Supplied records:
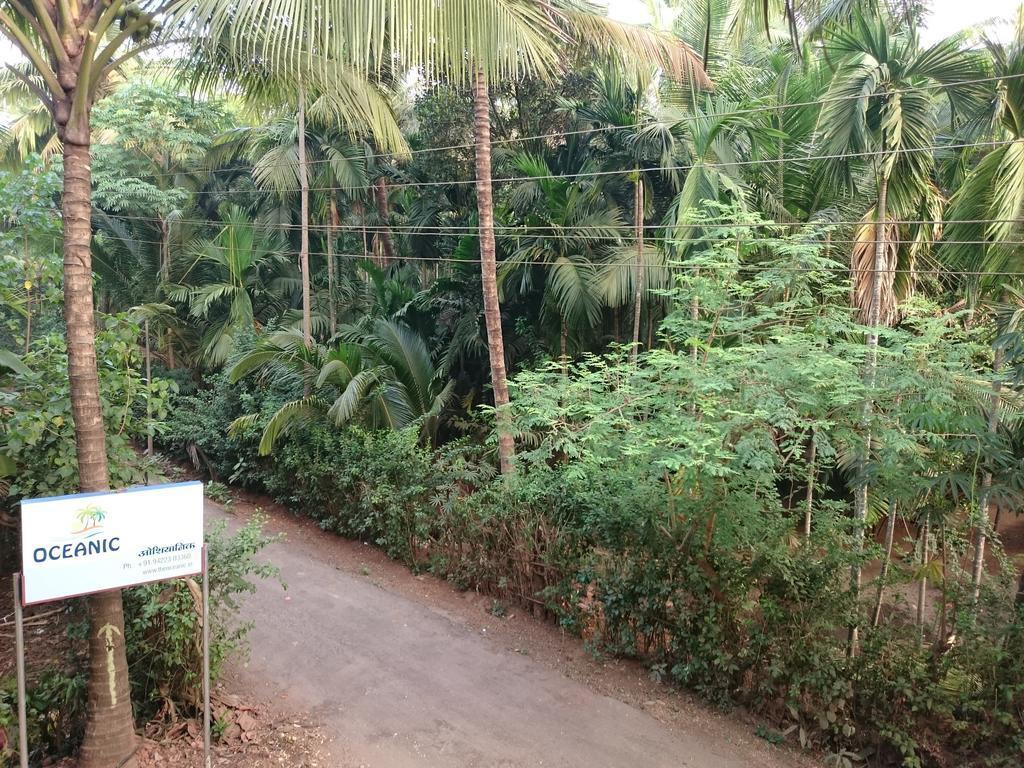 Oceanic Hotel Diveagar Exterior photo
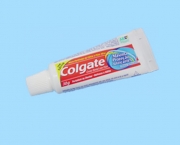 creme-dental-colgate-2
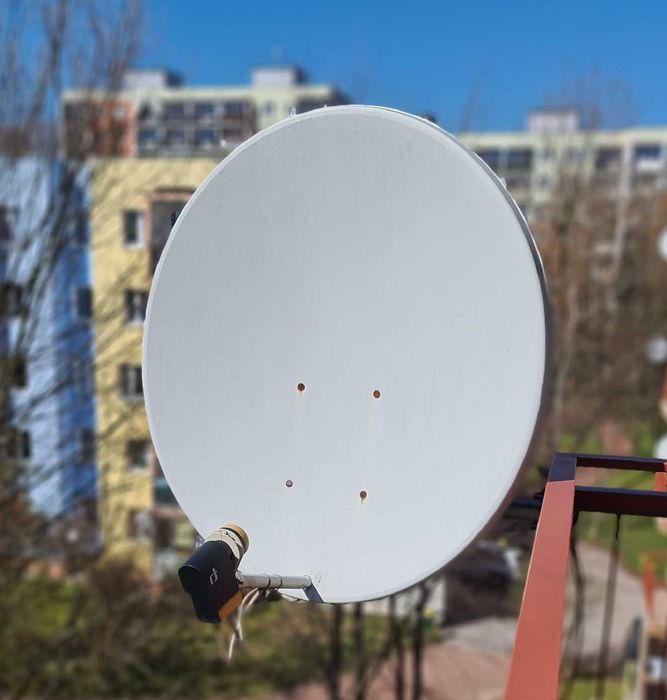 Antena satelitarna z konwerterem INVERTO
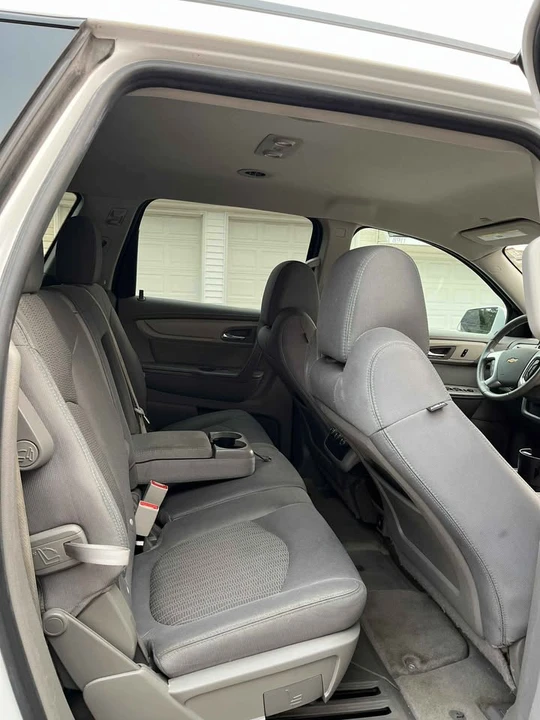 2017 Chevrolet Traverse - Image 16 of 17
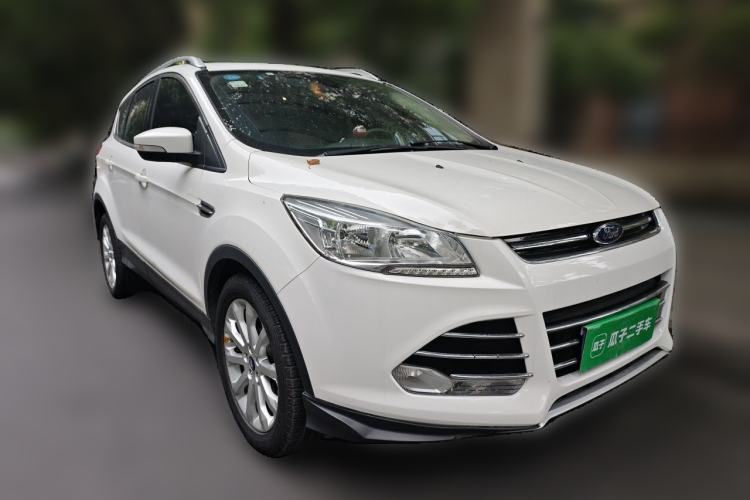 Used Ford Kuga 2015 1.5L GTDi Two-Wheel Drive Fashion Edition Front Right 45 Deg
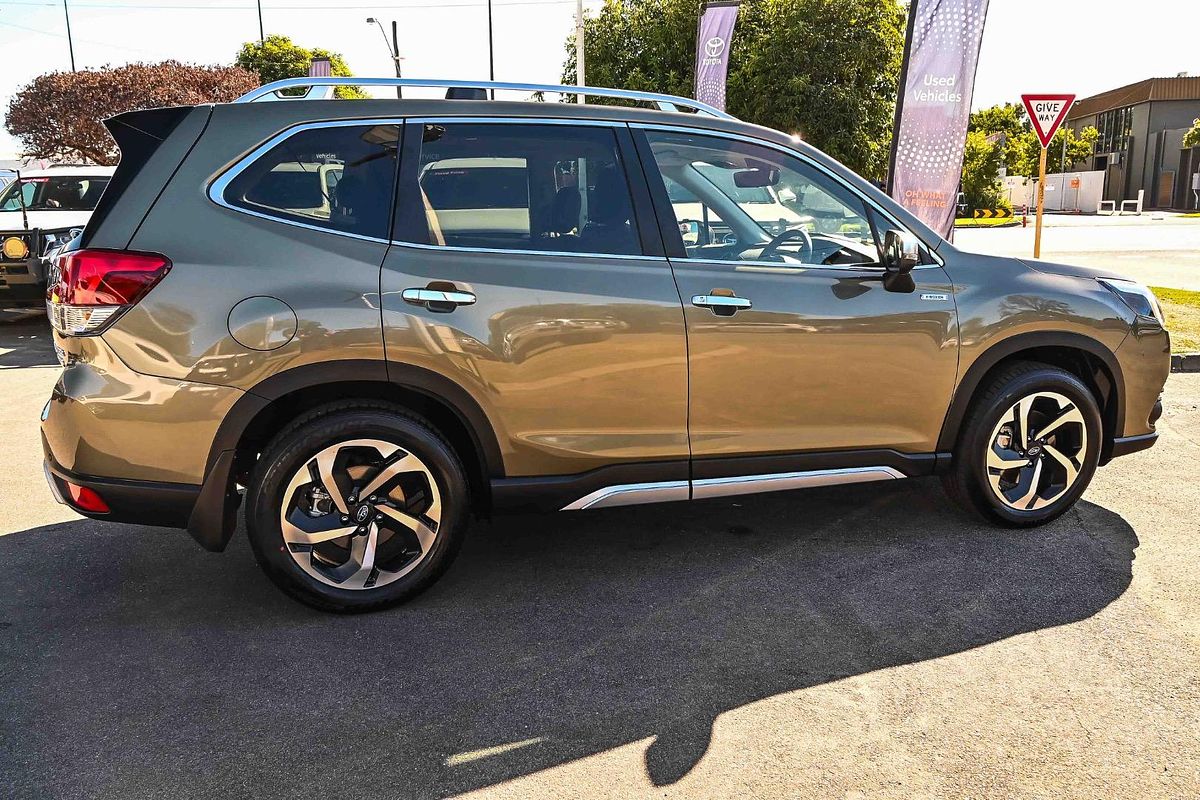 2024 Subaru Forester Hybrid S S5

Problem details:
Although the records contain pictures, only the text should be copied, exactly as it stands.

Written solution:
 Oceanic Hotel Diveagar Exterior photo
 creme-dental-colgate-2
 Antena satelitarna z konwerterem INVERTO
 2017 Chevrolet Traverse - Image 16 of 17
 Used Ford Kuga 2015 1.5L GTDi Two-Wheel Drive Fashion Edition Front Right 45 Deg
 2024 Subaru Forester Hybrid S S5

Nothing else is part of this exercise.